Der 11. September 2001 ist zum Synonym einer Katastrophe geworden, die die USA wie nichts zuvor in ihren Grundfesten erschütterte und die die weltpolitische Entwicklung eines gesamten Jahrzehnts grundlegend beeinflusste. Es war natürlich nur eine Frage der Zeit, bis dieses Ereignis Thema eines Films werden würde, und tatsächlich dauerte es nicht einmal ein Jahr, bis die ersten Filmemacher sich dessen annahmen.
"11"09"01 - September 11" ist einer der ersten und dürfte der bis heute beste Beitrag zur Bewältigung des größten Terroranschlags in der Geschichte der westlichen Welt sein. Schon der Vorspann erklärt umfassend das Prinzip: Elf Regisseure aus elf Ländern haben je eine Episode gedreht, ohne formale Bestimmungen, mit völliger künstlerischer Freiheit - von einer Ausnahme abgesehen: Jeder Kurzfilm sollte genau elf Minuten, neun Sekunden und ein Bild lang sein.
Bei Episodenfilmen, die von unterschiedlichen Regisseuren zusammengesetzt werden, ist stets die Gefahr groß, nicht unerhebliche qualitative Differenzen in den einzelnen Beiträgen zu erhalten. So ist es auch hier der Fall. Sowohl was den Inhalt als auch was die Inszenierung oder die Schauspielerführung anbelangt, tun sich mitunter Abgründe auf zwischen den verschiedenen Episoden. So wirkt der ägyptische Beitrag ein wenig wirr und unverständlich in seinem Bemühen, die Terroranschläge durch die Augen eines in Israel gefallenen US-Soldaten zu kommentieren, während die Metaphorik des japanischen Films klar wird (wenn auch erkauft durch eine etwas zu platte Auflösung): Hier geht es um einen japanischen Soldaten, der aus dem Zweiten Weltkrieg mit der Wahnvorstellung zurückkehrt, er sei eine Schlange. Fazit dieses Fallbeispiels: "Kein Krieg ist heilig!"

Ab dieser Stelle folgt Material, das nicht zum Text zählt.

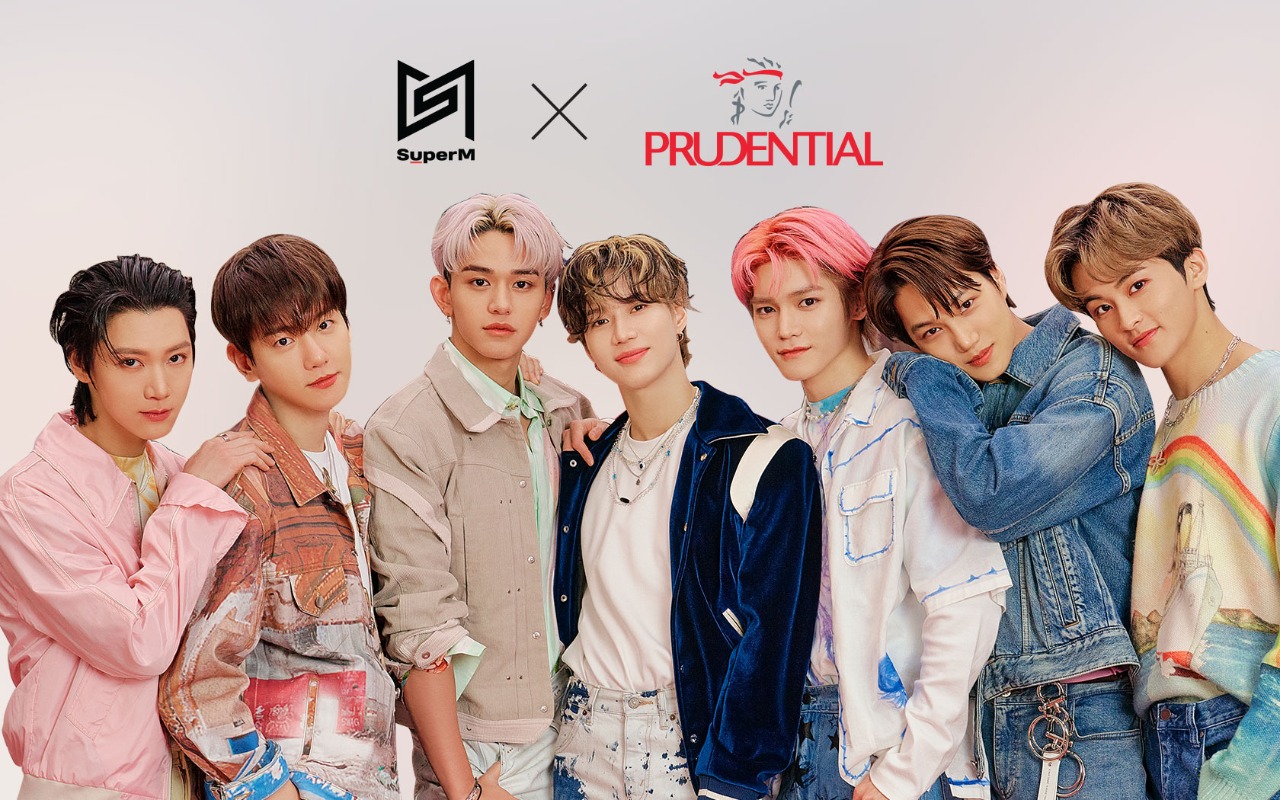 Kelompok K-Pop SuperM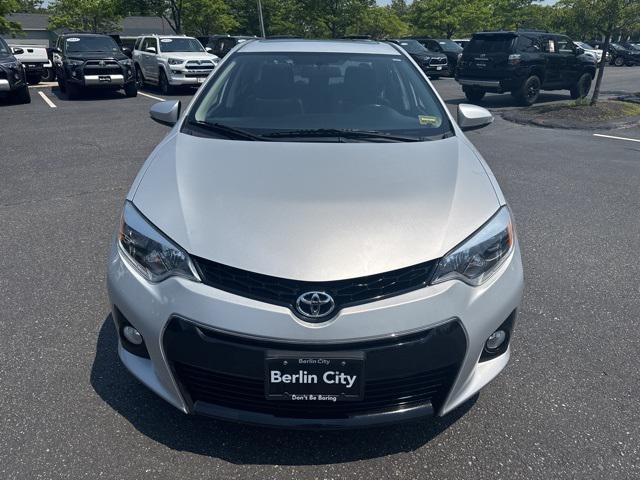 used 2016 Toyota Corolla car, priced at $15,998
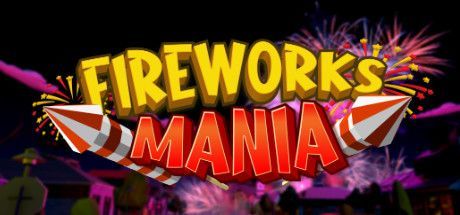 Game cover: Fireworks Mania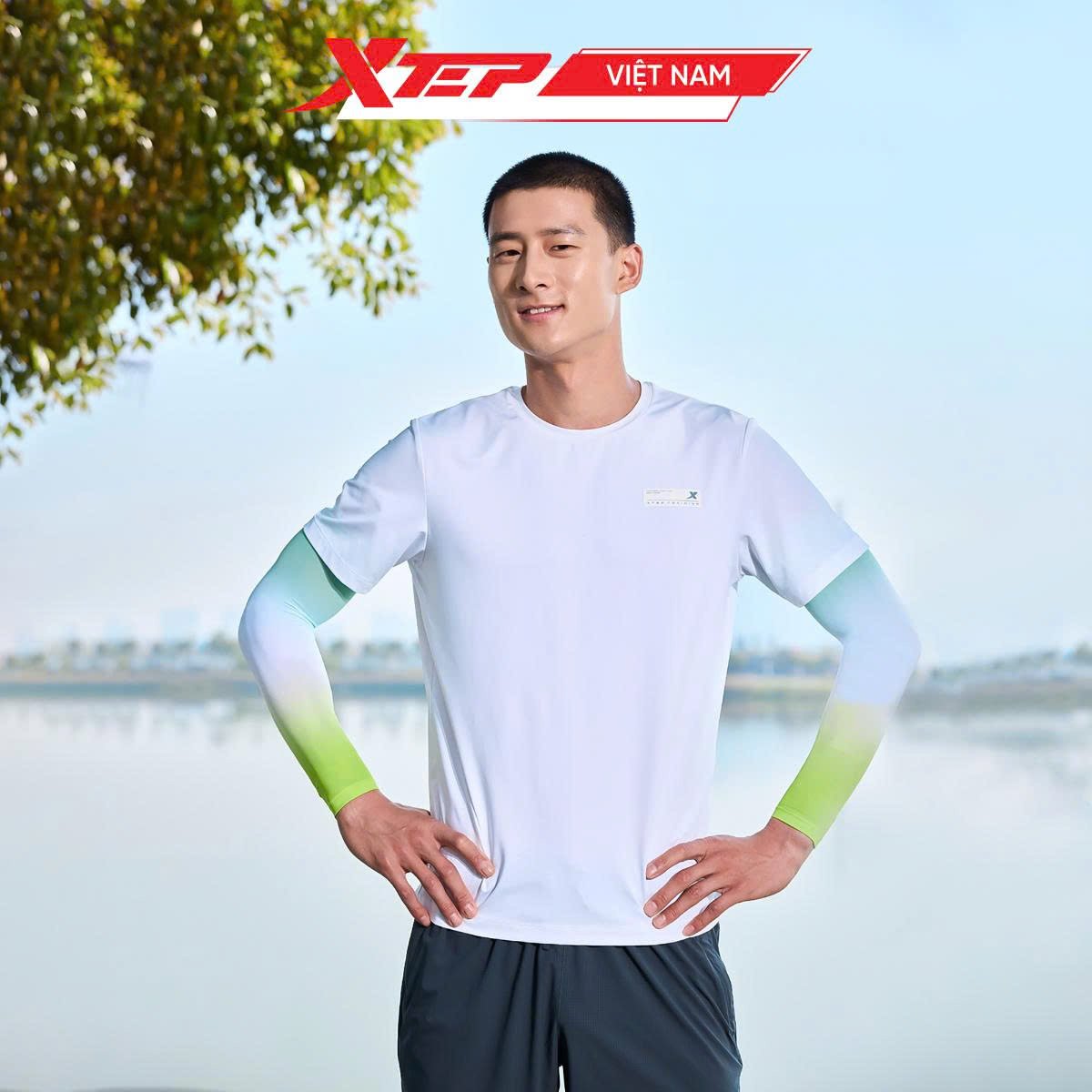 Áo Phông Thể Thao Nam Xtep 975229010358 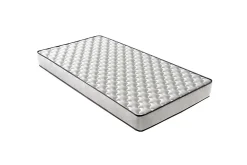 Matelas Mousse 80x200 New York, Ferme, Réversible, Côté Été/hiver, H15 Cm>Dagostino Home Hot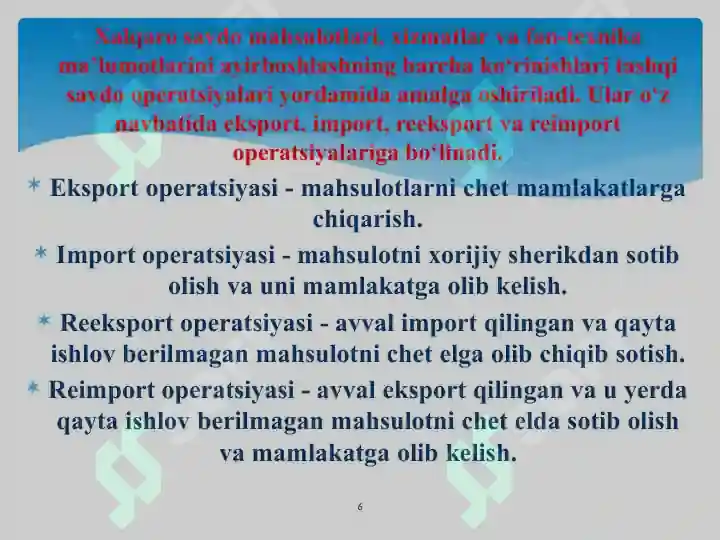 Product slide 6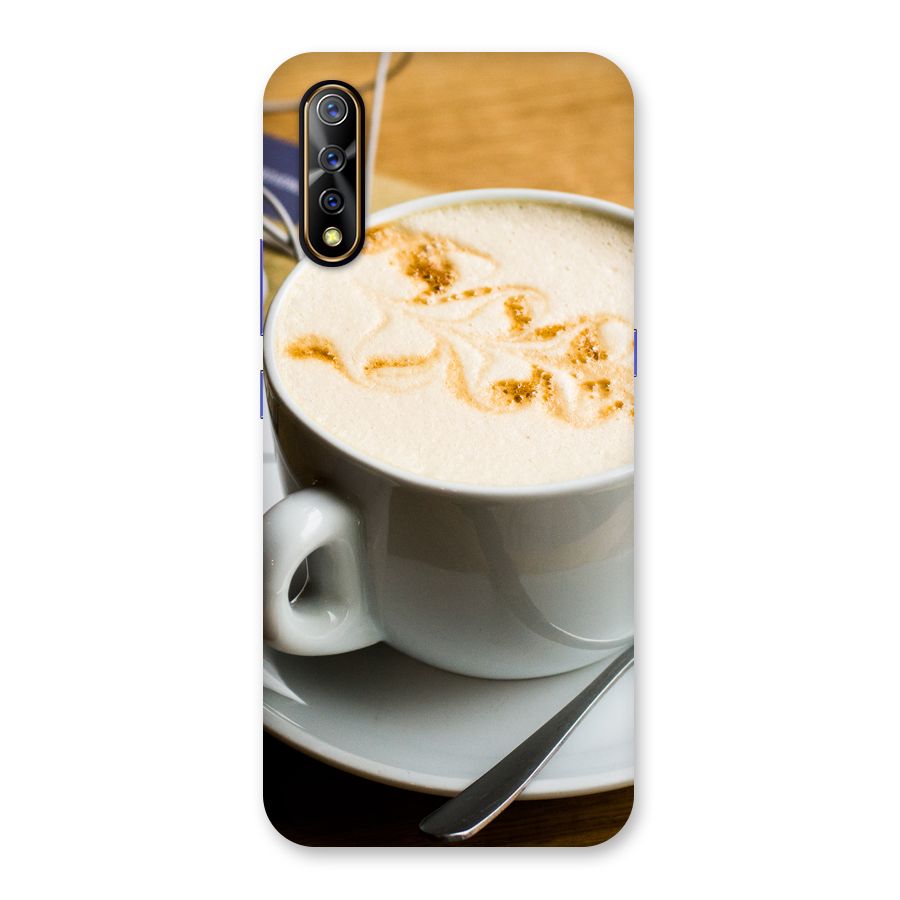 Morning Coffee Back Case for Vivo S1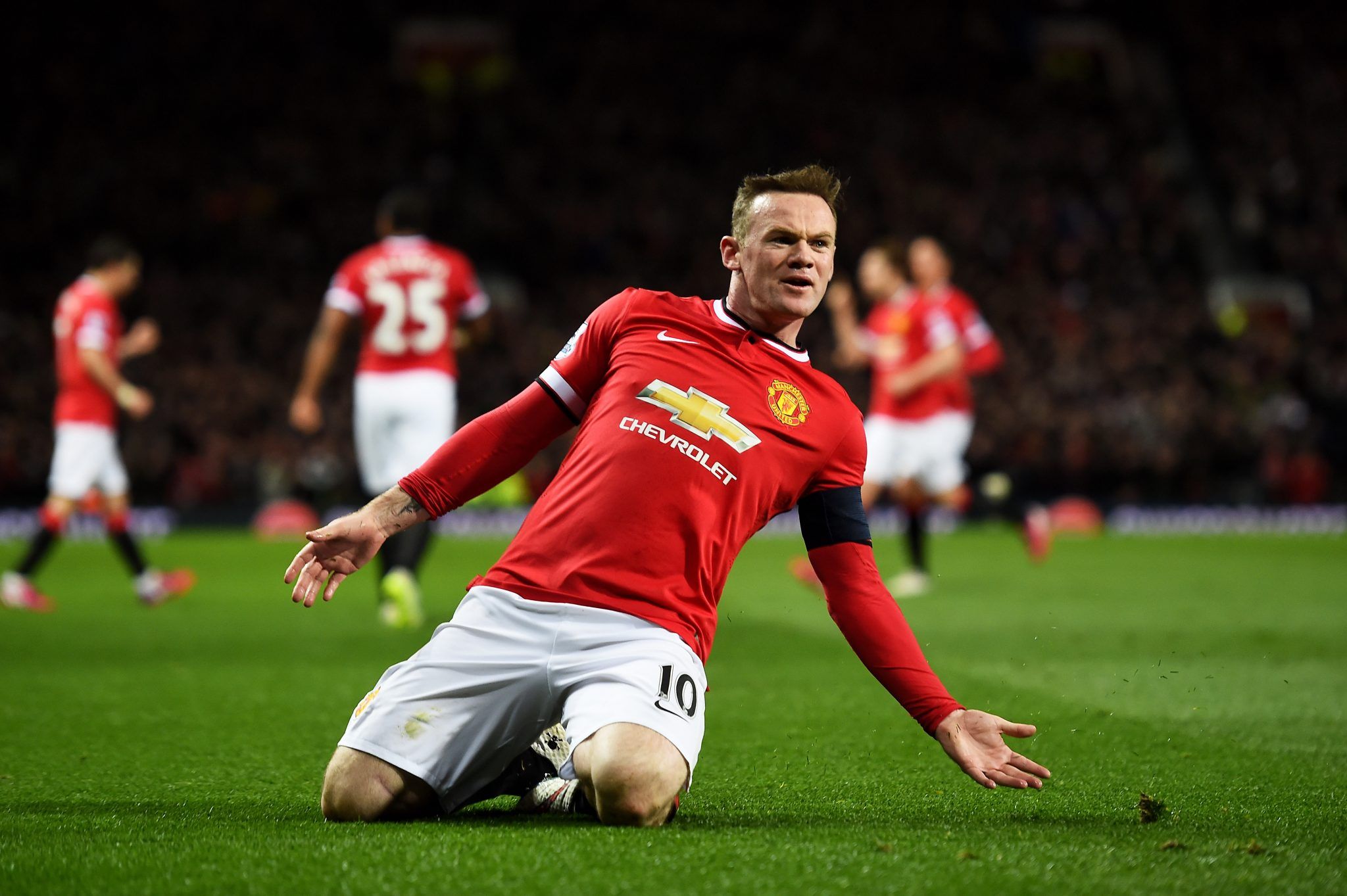 Wayne Rooney: how to watch the new  Prime documentary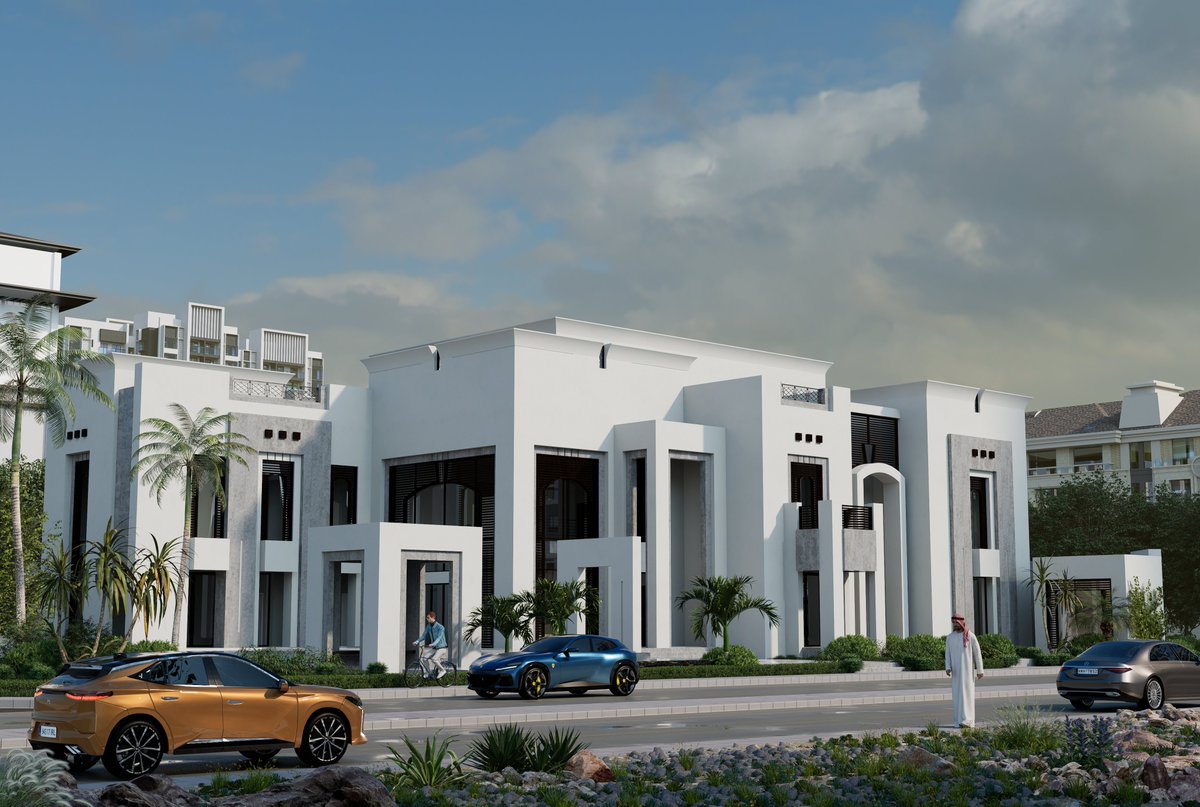 ArchitectSarhan's tweet photo. تصميم فيلا على الطراز المعماري العربي البسيط في مدينة الرياض.
تصميم المعمار محمد سرحان.
#تصميم #فيلا #عربي #بسيط #الرياض #السعودية
Minimal Arabian style villa designed by architect Mohammed Sarhan in Riyadh.
#minimal #arabian #villa #architecture #design #riyadh #SaudiArabia https://t.co/M2u3uL7z2Q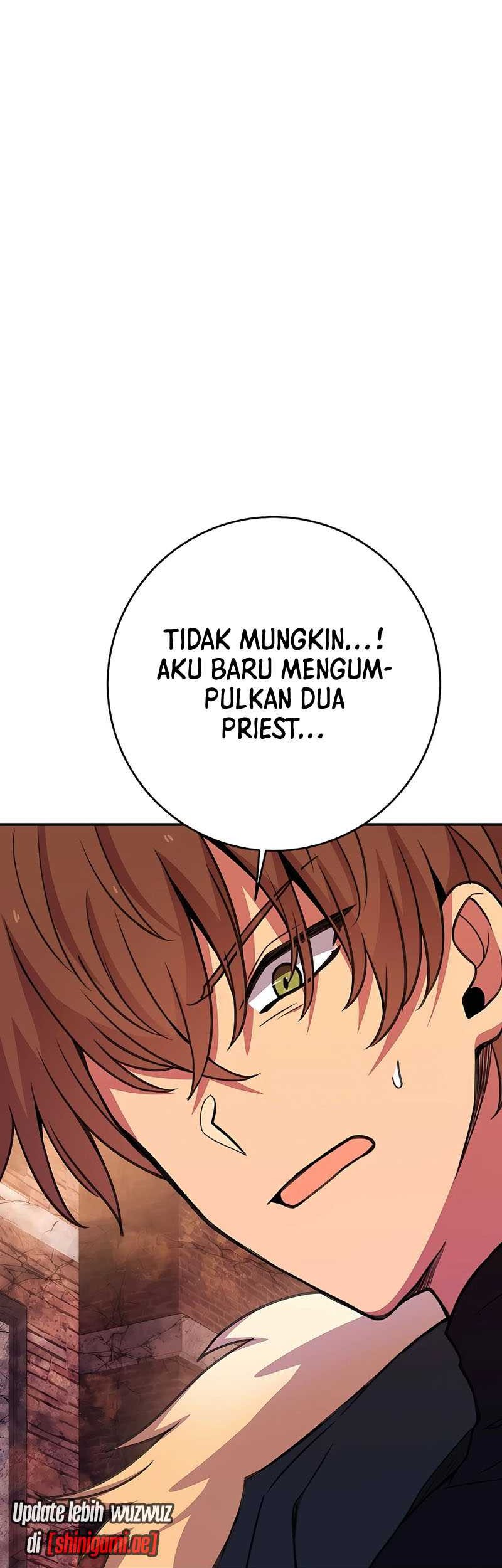 I Became A Part Time Employee For Gods (Albanara of the Gods) Chapter 48 - halaman 17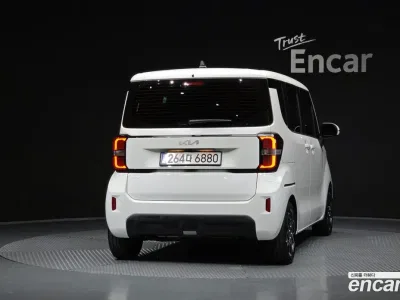 2026 Kia RAY Signature, фото 3, лот 10219435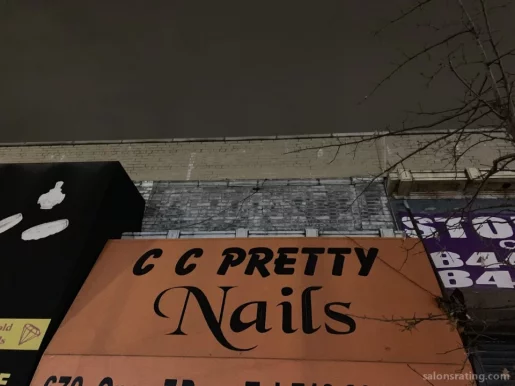 C C Pretty Nails, New York City - Photo 8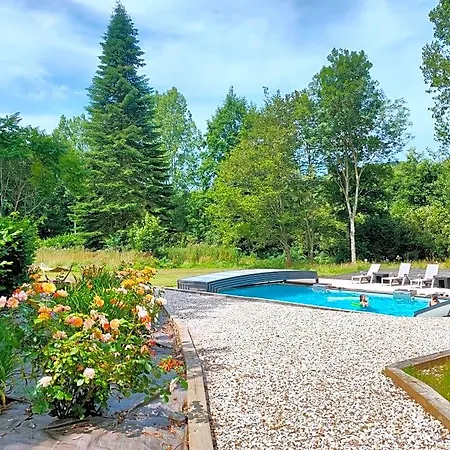 Le Clos Bel Ami D'hotes Avec Piscine فندق مبيت وإفطار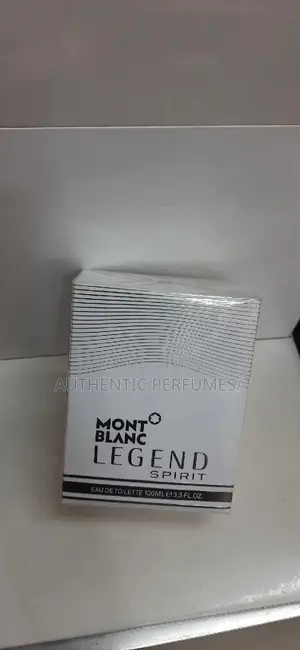 Mont Blanc Legend Spirit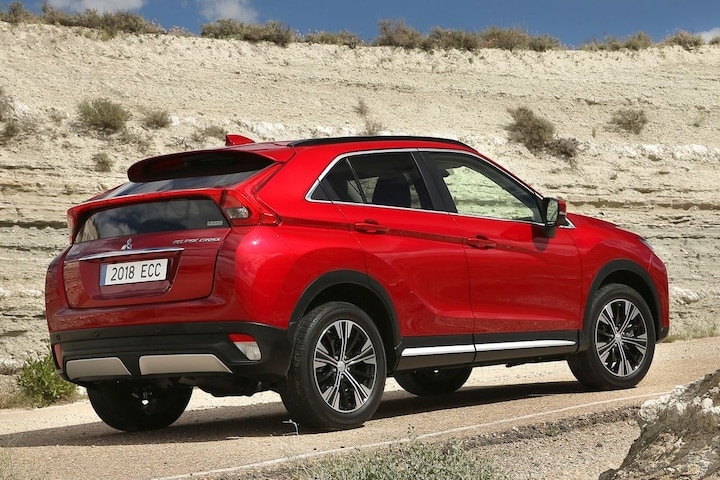 Mitsubishi Eclipse Cross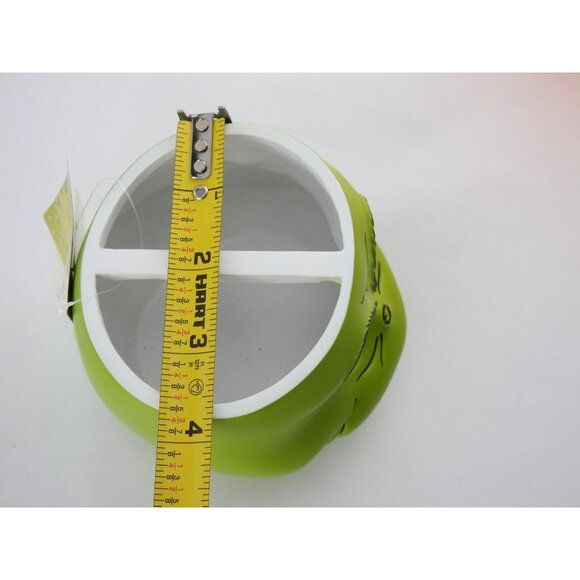 Grinch Bathroom Set Lotion Soap Dispenser and Toothbrush Holder Christmas Decor - Picture 7 of 13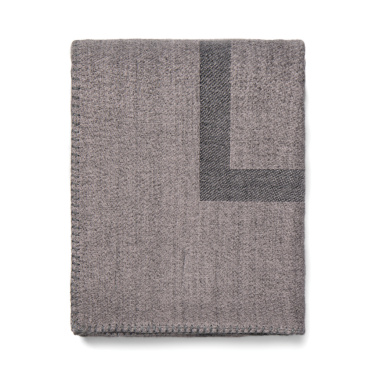 Logo trade promotional item photo of: VINGA Monogram GRS blanket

Doch die meisten Episoden überzeugen: Ob es um afghanische Flüchtlinge im Iran geht, die Angst davor haben, dass die USA eine Atombombe auf sie abwerfen, oder um einen Selbstmordanschlag in Tel Aviv, der durch die Gleichzeitigkeit der New Yorker Anschläge völlig untergeht - meist zeigen die Beiträge diskussionswürdige Ideen zum Umgang mit dem Terror und seinen Folgen. Es geht um Menschen und ihre privaten Probleme, ihre Ängste und die Veränderung ihres Lebens, die jener Anschlag selbst bis in so entfernte Regionen wie das ländliche Bosnien (damals noch Bosnien-Herzegowina) trägt.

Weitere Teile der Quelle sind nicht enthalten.